◆ Instructions to follow: Your answer must be the exact lines from the one holding "Louis Vuitton LV" through the end of the entries, with no pictures.

(Data items)
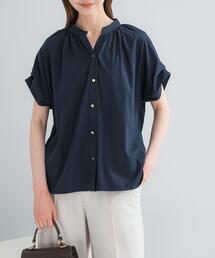 URBAN RESEARCH ROSSO WOMEN | 『WEB/一部店舗限定』汗染防止デザインボタンカットブラウス(シャツ/ブラウス)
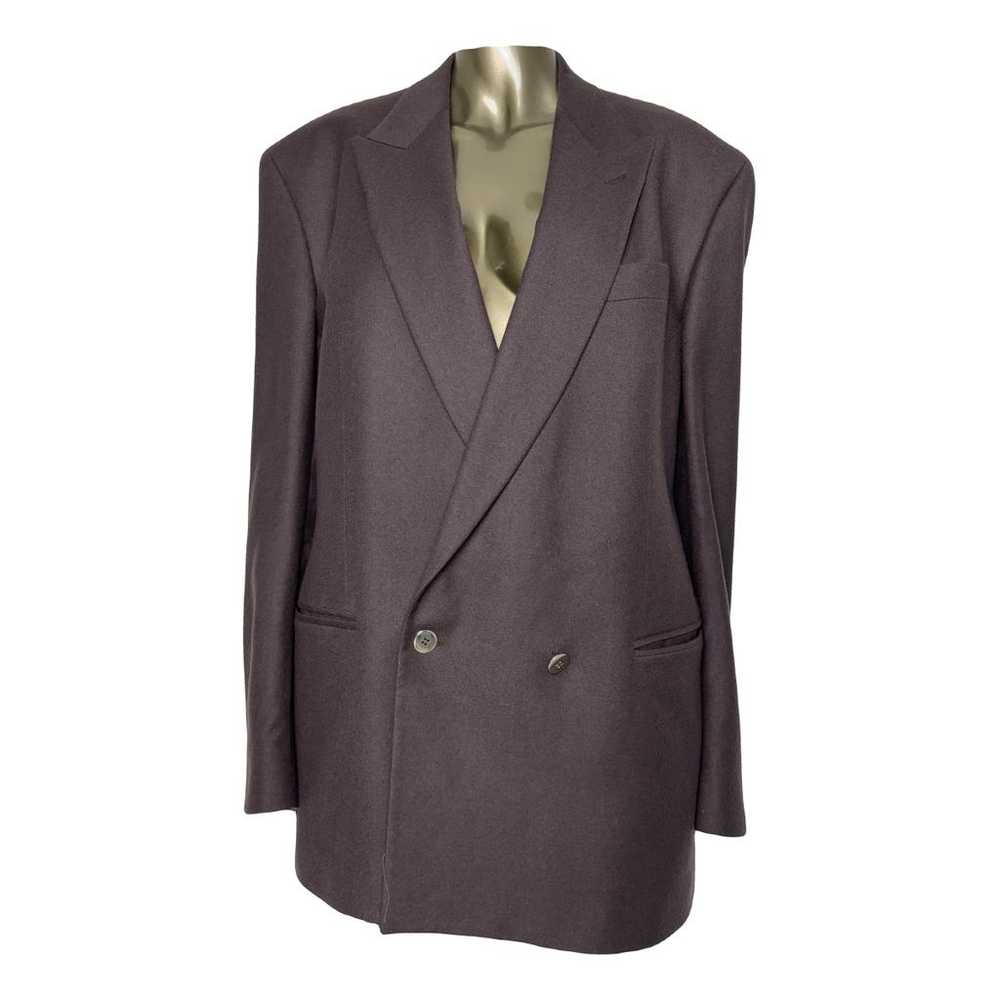 ジャケット・アウター 1990FW CLAUDE MONTANA Wool Cape Coat IMG_2075_grande.jpg?v=1678399816
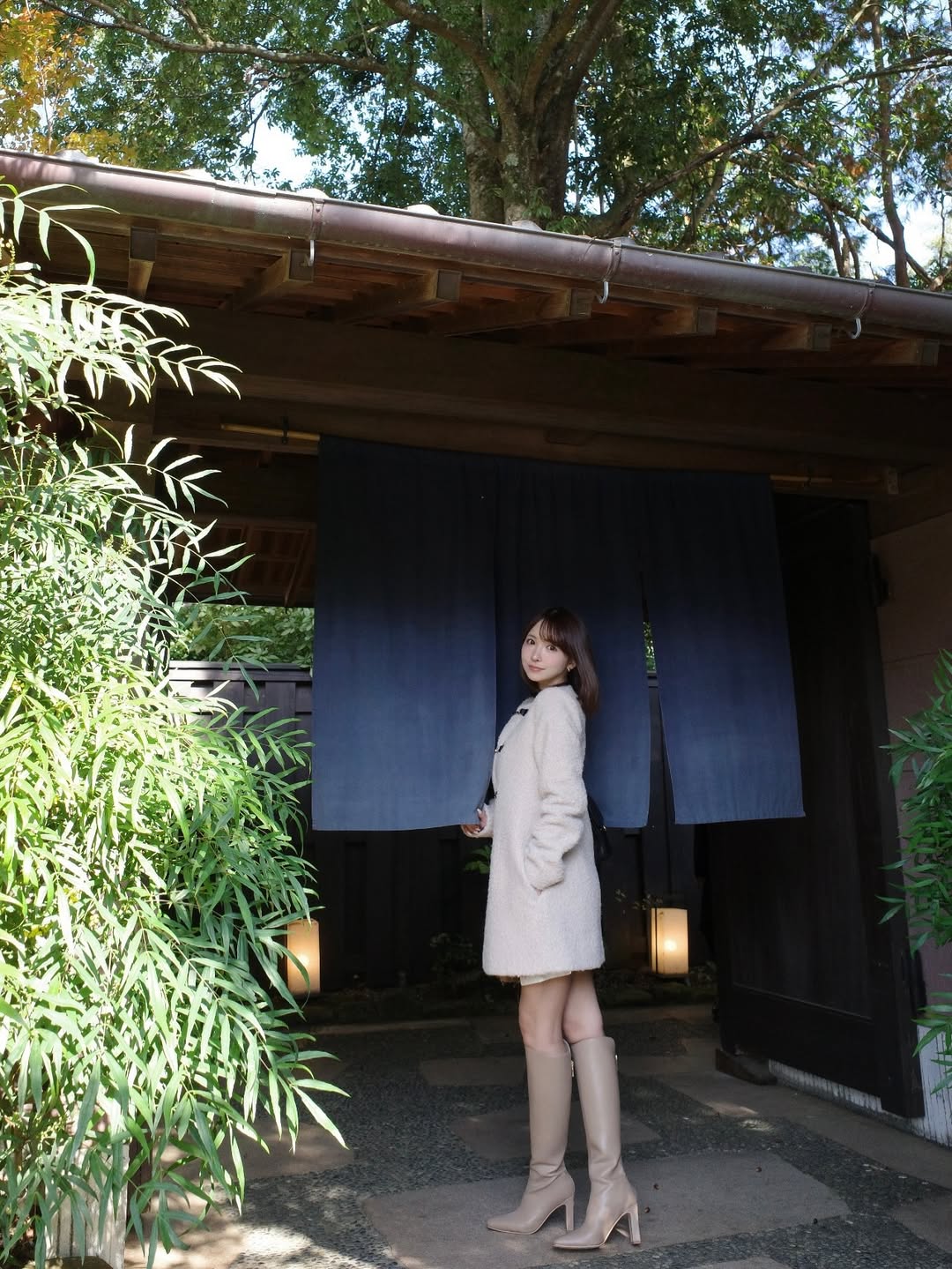 【正妹】三上悠亚秋装大长腿美照，这是一个旅行的美好！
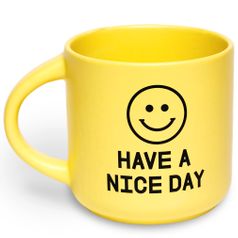 Кружка Smile Have a nice Day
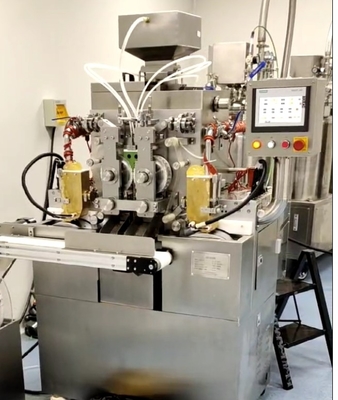 Onafhankelijke meetpomp Soft Gel Capsule Manufacturing Equipment 3,5 rpm in roestvrij staal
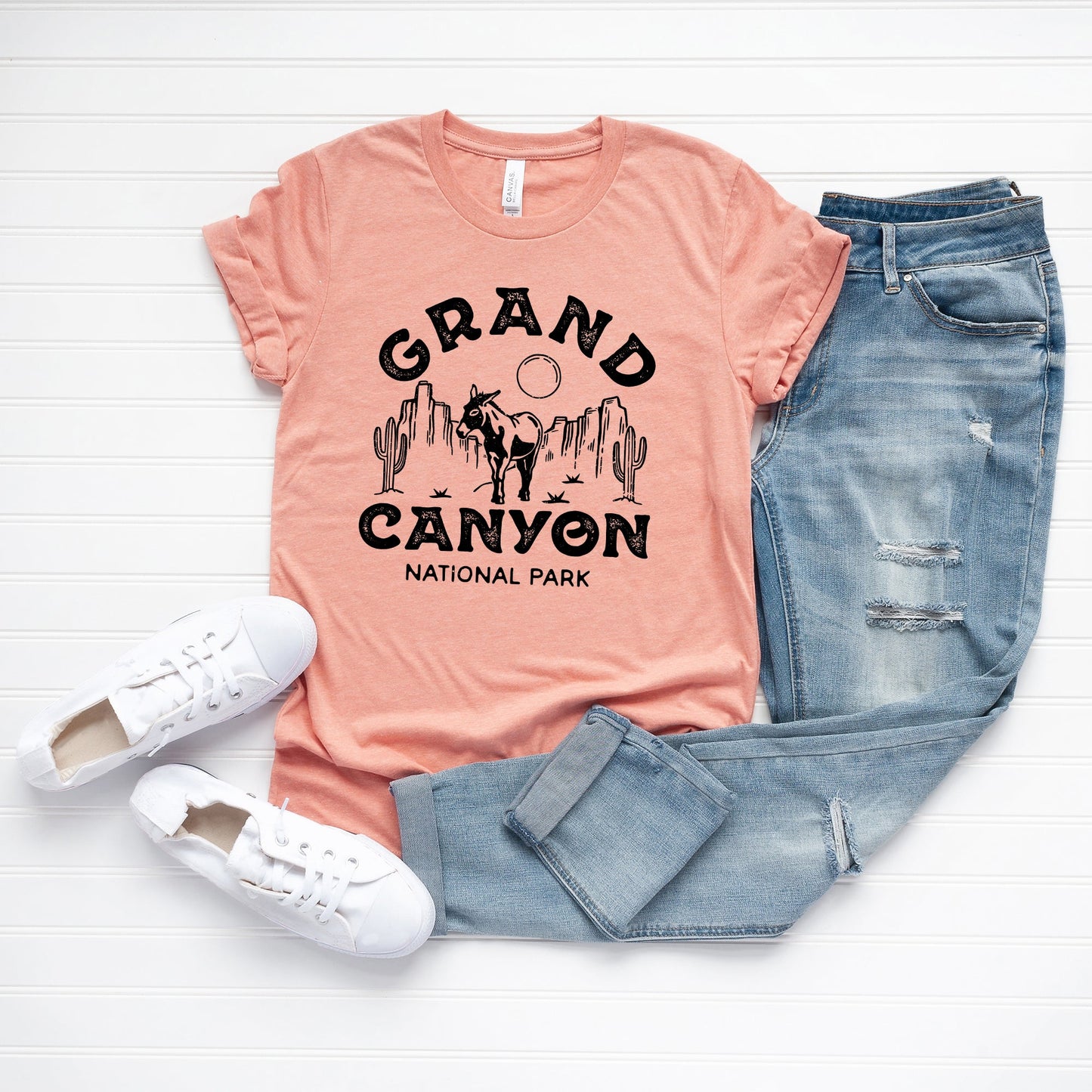 Clearance Vintage Grand Canyon National Park | Short Sleeve Graphic Tee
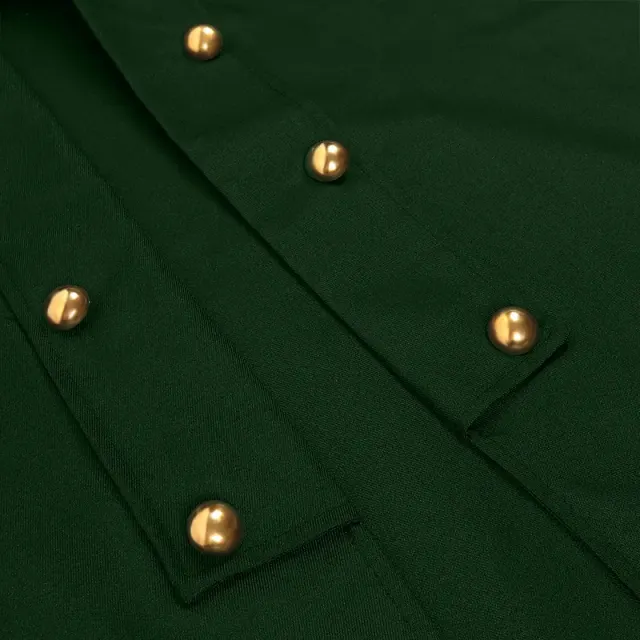 Unisex-Korsettjacke im Mittelalter-Stil mit langen Ärmeln und Taillenschnürung Detail 18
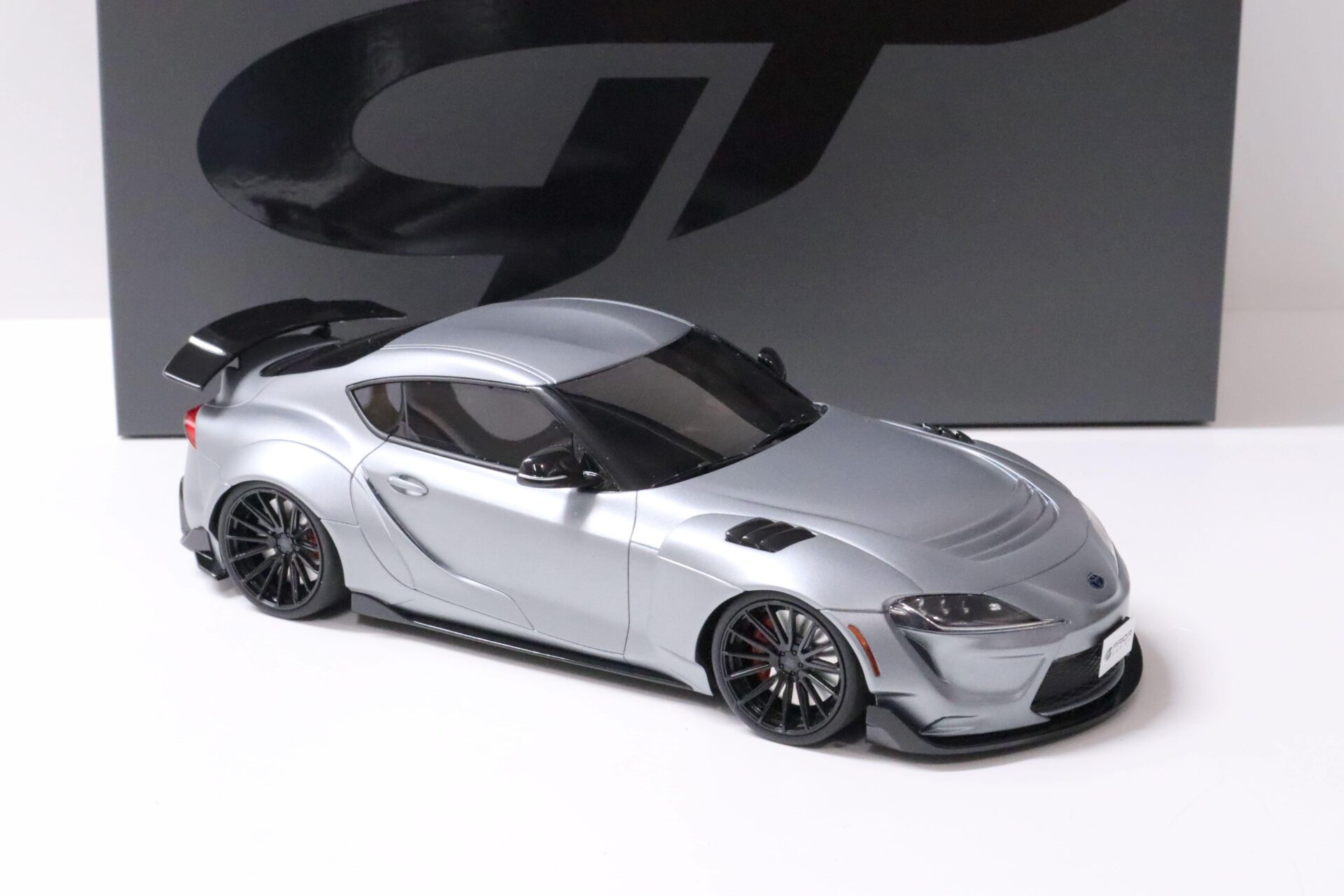 1:18 GT Spirit GT343 Toyota Supra GR A90 by Prior Design 2020 matt grey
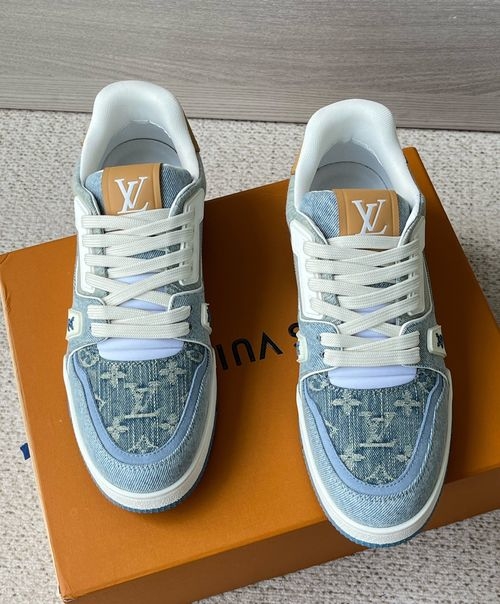Louis Vuitton LV Cloud-Effect Trainer With Comfort Gel Sole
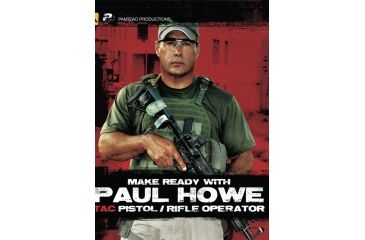 Image of Panteao Productions Make Ready with Paul Howe Tac/Pistol operator Blu-ray BVPMRB01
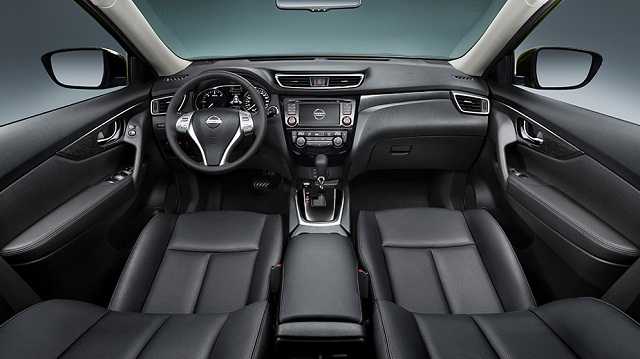 nội thất xe nissa x-trail, nội thất xe nissan xtrail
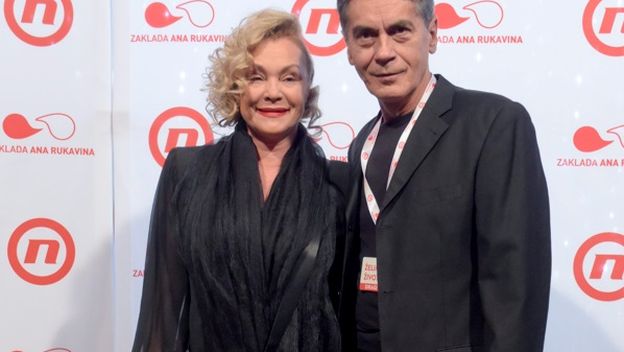 Anja Šovagović i Dragan Despot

◆ Worked solution:
Louis Vuitton LV Cloud-Effect Trainer With Comfort Gel Sole
 Image of Panteao Productions Make Ready with Paul Howe Tac/Pistol operator Blu-ray BVPMRB01
 nội thất xe nissa x-trail, nội thất xe nissan xtrail
 Anja Šovagović i Dragan Despot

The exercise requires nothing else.